A House Republican offers this GOP spin, per Mike Allen:
“President Obama blew up any chance of a bigger agreement with his insistence on tax hikes and by backing away from some of the serious structural entitlement reforms he agreed to rhetorically. He has only himself to blame. The President desperately wants a large debt limit increase that will take him past the next presidential election. Republicans will not give him a $2.4 trillion blank check he can use throughout his re-election campaign to continue the spending binge that has driven our nation to the brink of a job-destroying downgrade and default.
“He is trying to set up a no-win situation for taxpayers: either he gets his $2.4 trillion blank check, or America defaults. Republicans will put forward a responsible, common-sense proposal that reflects the principles of Cut, Cap and Balance and which can pass both chambers. As the deadline approaches it would be inexcusable and indefensible for the President to veto a plan that preserves the full faith and credit of the United States simply because it's inconvenient to his re-election campaign.”
Even by the standard of political spin, this is really pretty amazing. Consider some of the Alice-in-Wonderland assertions here. Obama acceded to large cuts in discretionary and entitlement spending in return for much smaller tax hikes that are scheduled to occur anyway. The Republican aide presents this as Obama blowing up the deal. Obama blew up the deal, by insisting on giving 80% instead of 100%.

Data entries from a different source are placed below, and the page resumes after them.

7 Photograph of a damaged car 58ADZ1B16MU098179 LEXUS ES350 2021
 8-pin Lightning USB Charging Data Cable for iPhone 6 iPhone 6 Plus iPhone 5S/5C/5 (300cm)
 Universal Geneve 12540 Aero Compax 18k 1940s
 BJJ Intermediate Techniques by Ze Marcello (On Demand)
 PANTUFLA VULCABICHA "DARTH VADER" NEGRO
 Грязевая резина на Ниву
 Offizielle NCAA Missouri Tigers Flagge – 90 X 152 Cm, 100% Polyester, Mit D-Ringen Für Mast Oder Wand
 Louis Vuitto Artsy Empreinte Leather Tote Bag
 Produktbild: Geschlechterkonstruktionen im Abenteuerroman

Next we have the claim that the debt ceiling increase is a "blank check." Oh, really? You mean, once the debt ceiling is higher, Obama can spend as much money he wants on anything at all? No, I'm pretty sure Congress has to appropriate the money.
And then, piggybacking on this bizarre counterfactual assertion, the ultimate Orwellism: "He is trying to set up a no-win situation for taxpayers: either he gets his $2.4 trillion blank check, or America defaults." First he's defined a debt ceiling hike as a "blank check." Now it's Obama who's setting up a devil's choice of a blank check or default. But the choice between raising the debt ceiling and defaulting is literally the definitional nature of the debt ceiling. That's not Obama's choice. Indeed, nobody in politics ever considered it a choice at all until the House Republicans viewed it as an opportunity to take the economy hostage.
I suspect the House republican believes very little of this spin. It is a measure of how far the GOP has to go in order to present itself as the innocent party in a hostage crisis it initiated and has deepened by refusing to accept as payment anything short of the total ratification of its governing agenda.